Confession of a MoDo Addict

(For a concise summary of this post, scroll down to the last line.)

So MoDo (alias "Maureen Dowd" -- NY Times columnist) rolled into town, and I didn't even know about it! Who dropped the ball? Who? Where's Flavorpill? What's the point of subscribing to two hundred event-listing listservs if they won't even tell you about a MoDo appearance?

So I missed MoDo. Your reaction, I'm guessing, is "so fucking what?" No need to repeat her faults; I've heard it all. MoDo's the annoying Heather of political journalism. An irredeemable name-dropper, her pieces little more than obvious one-liners and bon mots strung together by inartful transitional clauses...that is, when she even bothers with transitional clauses. She's the Ally McBeal of columnists, when she's not the Bridget Jones of newsprint. She doesn't care about anything substantive, and her writing's formulaic. The MoDo column consists of one or more of the following: (a) a Shakespear allusion, preferably with Freudian implications; (b) Bush and/or his cronies are idiots; (c) an analogy to a situation found in a suitably respected recent middlebrow movie or a well-known; (d) someone associated with topic du jour is a hypocrite and liar. A guest columnist like Barbara Ehrenreich delves into the very root of working class lives. Ehrenreich investigates and reports. MoDo just pontificates. Often badly. Her words lack the erudition and conviction of Paul Krugman, the earnest concern for "Third World" suffering a la Nick Kristof, the occasional sociological insight of David Brooks, the wizened certainty of the globe-trotting Tom Friedman, and the all-around persuasiveness of Frank Rich. And she's not the black guy, so no Tavis Smiley guest appearances or presumed authority when discussing Katrina victims. Indeed, the irreverent snark of Wonkette, blogging without Gray Lady oversight or the need for a unifying "theme", has made Dowd's brand of attitudinizing tame by comparison, at least when MoDo's not slapping down Judy ("reporters are not stenographers") Miller.

So she's not exactly James Agee. And yet...she's so, what's the word here, beguiling. Maybe it's that picture of her on the TimesSelect site, smiling bewitchingly, that's so seductive. Or that goth-queen act she puts on during interviews, like a grown up Winona from Beetlejuice. I'm sure she taps into my longstanding fascination with redheads, but I never could explain my big crush on MoDo, given my irritation with her snide dismissals of the serious and the profound.

Until now. It's springtime for MoDo obsessives as she's out promoting her new book, titled provocatively Are Men Necessary? (I would say no, if weren't for the likelihood that my poker profits would disappear if men were to vanish from the earth.) The book sounds like a chore, a navel-gazing exercise in self-pity. Apparently MoDo's had poor luck with men lately, and she blames it all on fear. Fear of the smart, opinionated, sassy modern woman, she says -- a species celebrated by feminists but which have fallen way behind in the mating game.
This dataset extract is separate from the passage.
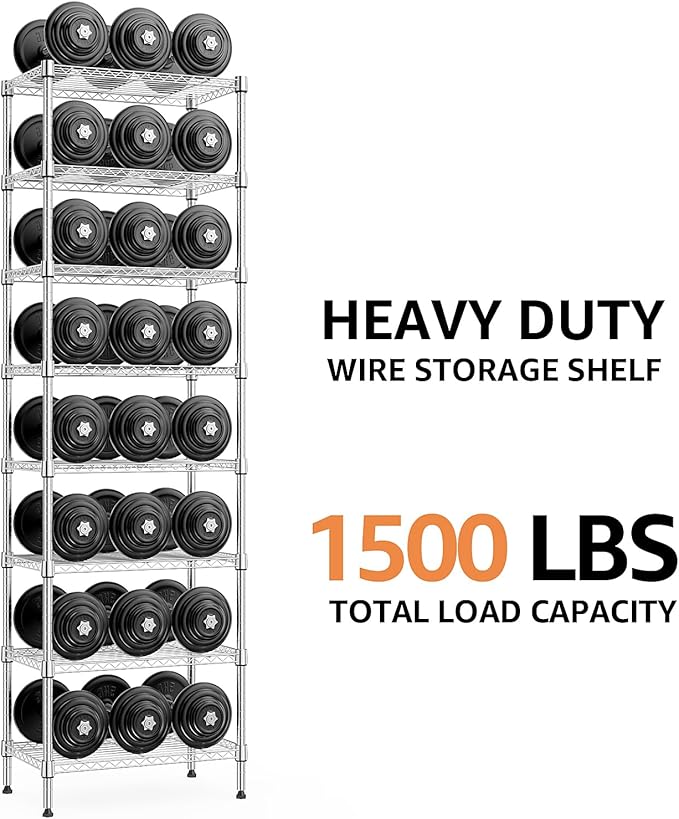 8 Tier 2000 lbs Storage Rack Metal Wire Shelving Unit, Storage Standing Shelf Organizer for Laundry Bathroom Kitchen Pantry Closet Garage Utility Room, Chrome 13.8" D x 23.6" W x 79.5" H-CasaMuseHome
Or something. I don't plan on reading the book. But I did read a recent New York magazine feature on Dowd which, along with this lengthy Kurtz profile of her in the Washington Post, more than anything, helped explain the crush. As portrayed by the NY piece, Dowd is a screwball comedy heroine -- a little bit daffy, a little bit zany, and every bit the society girl. Like Myrna Loy or Irene Dunne, MoDo's sophisticated yet "feminine," a coinnoisseur of nice shoes and fine wine. And she's spunky, too, having developed a distinctive taste for the traditionally masculine art of political combat.

It strikes me that MoDo's the closest public figure we have to a feminine ideal of classic Hollywood (or at least, my feminine ideal anyway), Hildy Johnson from His Girl Friday. A woman who can wisecrack with the boys at the same time she's pounding out 2000 word columns. She's confident of her opinions yet decidedly feminine in holding fast to certain romantic notions that would make Gloria Steinem wince.
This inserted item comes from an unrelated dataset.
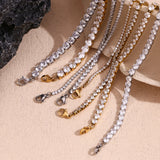 E.B.belle Popular Shiny Zircon Gold Silver Color Stainless Steel Different Width Tennis Bracelet Waterproof Jewelry For Woman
So let me take back part of what I said. What's attractive about MoDo -- or more precisely, what's attractive about the MoDo persona, is that she's defiantly not Ally McBeal or Bridget Jones. Unlike those two putzes, she doesn't get played by rakes and she doesn't let men set her self-esteem levels. She's not running through boxes of kleenex, unable to work, just because she had a bad date. If anything, her thesis appears to be that modern men are pussies, lacking the fortitude and confidence to grapple with a lioness like her. Yet she's no Catherine Keener or Isabelle Huppert either. The recent pop incarnations of the modern professional women come into two varieties: ball-chomping vamps or adorable neurotics. The MoDo type harkens to an earlier era of pop culture, when a woman might fire off some zingers while throwing down a scotch, all the while flirting with her eyes.

In other words, MoDo is pretty freaking hot, with the kind of appeal we don't see much of these days, at least not in the movies.